Vagueness & Ambiguity In Z Normalization

Hi all,

In the 2nd Video of the gradient descent in practice the professor says we can use the z normalization on any variable (we had learnt in the university this is the standardization of the Gaussian distribution).

But theory says we must first normalize the numbers to prove they’re N(μ,σ^2) (if we can do such a thing as the distribution is not normal, how to rescale here?) and only afterwards standardize the distribution to Z(0,1) by the use of formula Z=(X-μ)/σ.

Isn’t this a vagueness in the video?

Looking forward for your reply

Thanks in advance!

1 Like

Hi @Menelaos_Gkikas,

you can conduct z-normalization regardless of whether the variable is normally distributed or not.

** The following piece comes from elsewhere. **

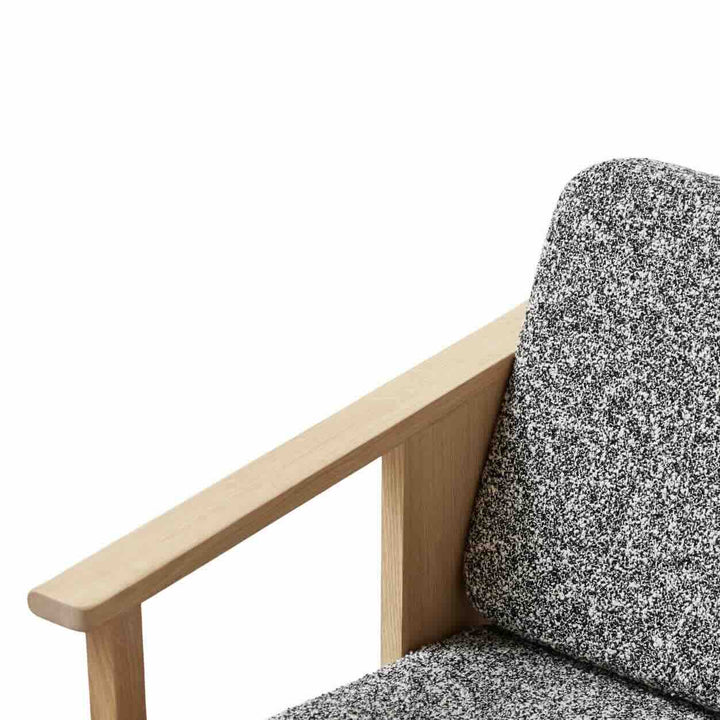Form & Refine Block Lænestol, Hvid Eg/Zero-0004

E.g. image if you have several features w/ a Student t-Distribution which have fatter tails than a normal distribution.

Still after scaling w/ z-normalization you have made them comparable which is beneficial for your algorithm: After all, you want to make sure that your features are in a comparable, reasonable way to have a nice training process and run gradient descent more effectively without biasing the algorithm to high magnitude features, see also: Questions on normalizing really huge data - #2 by Christian_Simonis

It you have really strange distribution shapes, one would have to think about if other scaling approaches might be better (like min/max or so)…

Hope that helps! Please let me know if you have any further questions.

Best regards